Dataset entries:
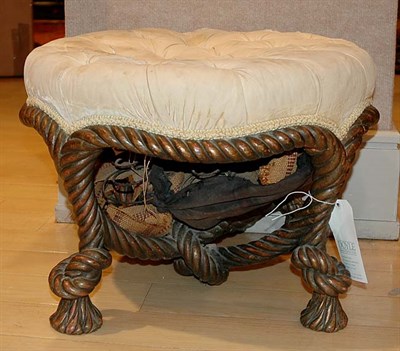 Lot 4254 - Napoleon III Style Fruitwood Rope Stool Height...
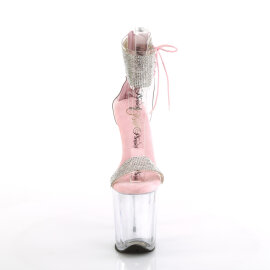 Pleaser FLAMINGO-827RS Platform Sandalettes Clear Rhinestones Silver Baby Pink EU-35 / US-5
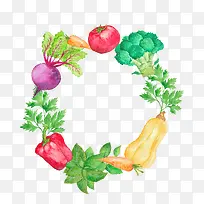 手绘蔬菜花环-空若网 手绘蔬菜花环-空若网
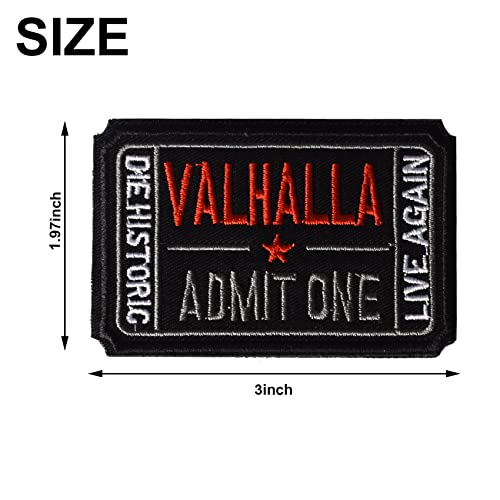 GYGYL 2Pcs Tactical Flag Patch, Ticket to Valhalla Admit One Die Historic Live Again Patch, Hook Fastener Military Patches Set for Tactical Caps, Bags, Backpacks, Tactical Vest, Military Uniforms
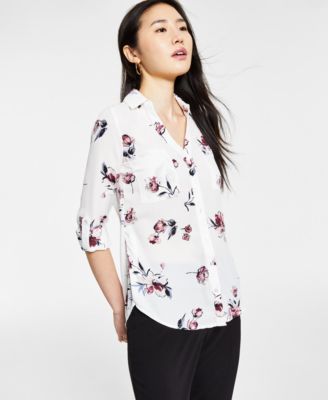 Juniors' Floral-Print Collared Shirt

▶ Description of the task
Reproduce the records above exactly, but only from the line with "Pleaser FLAMINGO-827RS Platform" up to and including the line with "手绘蔬菜花环-空若网 手绘蔬菜花环-空若网". Leave the pictures out.

▶ Result of the task
 Pleaser FLAMINGO-827RS Platform Sandalettes Clear Rhinestones Silver Baby Pink EU-35 / US-5
 手绘蔬菜花环-空若网 手绘蔬菜花环-空若网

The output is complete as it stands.